The research firm’s latest Adviser Musical Chairs Report for Q4 2021 says it expects numbers to fall below the 15,000 mark in the next two to three years.

The prediction is part of a special feature An industry in freefall – chronicling the last few years which states that over the past five years more than 10,000 advisers have left the workforce, “…which raises doubts about the ability of the current cohort to meet the needs of retiring Australians.”

…the number of new entrants continues to be dwarfed by exiting advisers…

It says that from a peak of almost 28,000 in 2019, there are now fewer than 17,500 registered financial advisers. And Adviser Ratings says the number of new entrants continues to be dwarfed by exiting advisers.

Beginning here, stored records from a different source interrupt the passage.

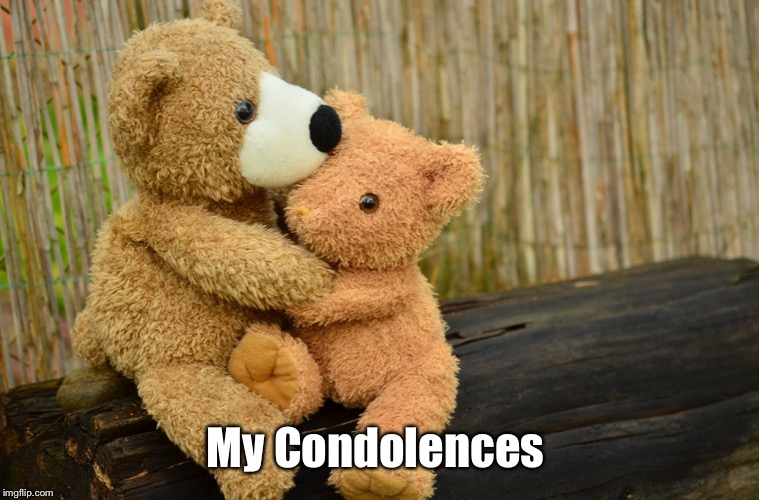 condolance caring consolation teddy bears | My Condolences | image tagged in condolance caring consolation teddy bears | made w/ Imgflip meme maker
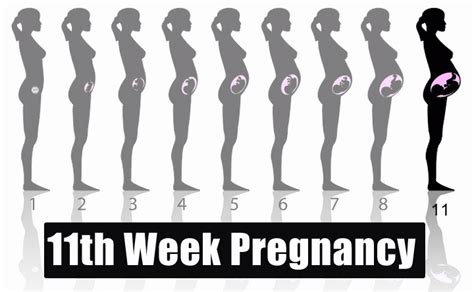 11th Week Pregnancy Symptoms Baby Development Tips And Body Changes
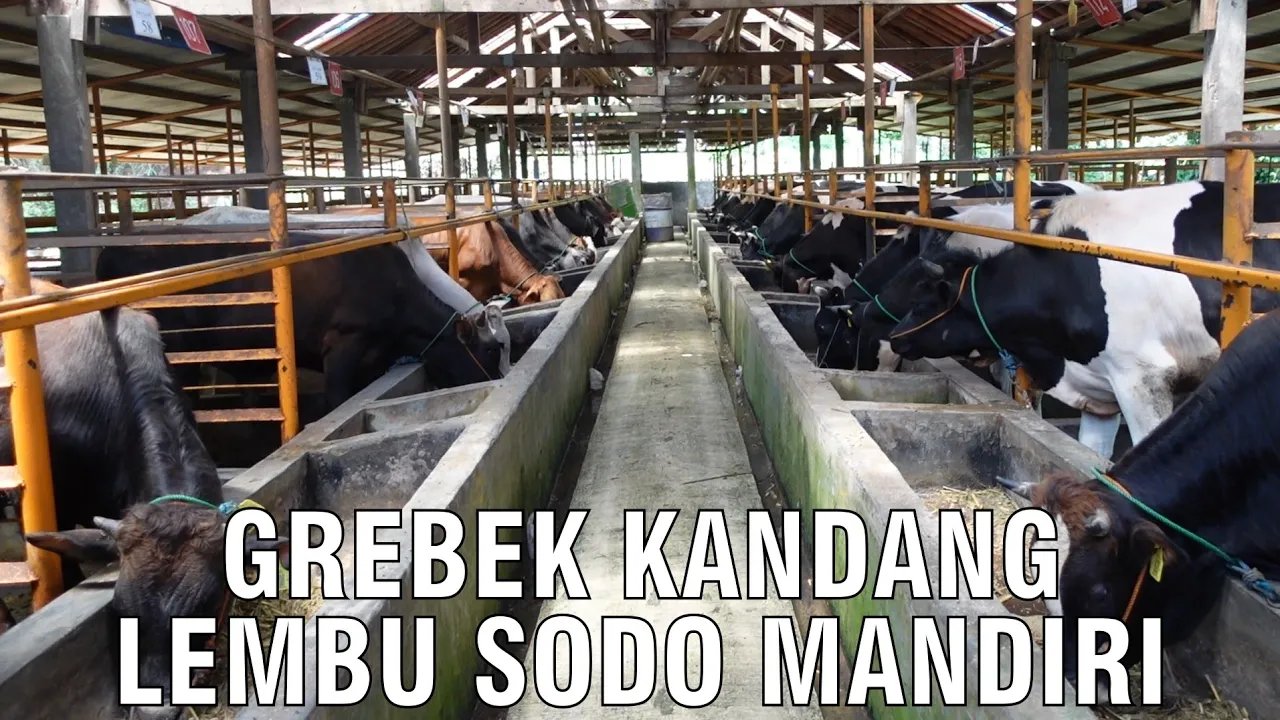 
                                 Ukuran-Pembuatan-Kandang-Sapi-Ideal-Lembu-Sodo-Mandiri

Courtesy of Adviser Ratings.

In its special report Adviser Ratings says that when the Banking Royal Commission exposed the extent of wrongdoing within the advice industry, “…few could argue advice practices could avoid the pursuit of professionalisation.”

It says that since the start of the investigation and the establishment of FASEA, the industry looks very different. “On one hand, standards have been raised, which our analysis shows has resulted in better quality ratings for advisers. Most advisers are now degree qualified or equivalent and have passed their exam.”

On the other hand more than 10,000 have left the adviser workforce.

”Undoubtedly, this has implications for hundreds of thousands of pre-retirees and retirees who want advice, but can’t access it or afford to pay for it. In fact, recent Adviser Ratings consumer research showed most of the surveyed group saw value in advice, but only one in 20 would pay the 2021 median advice fee of $3,256.”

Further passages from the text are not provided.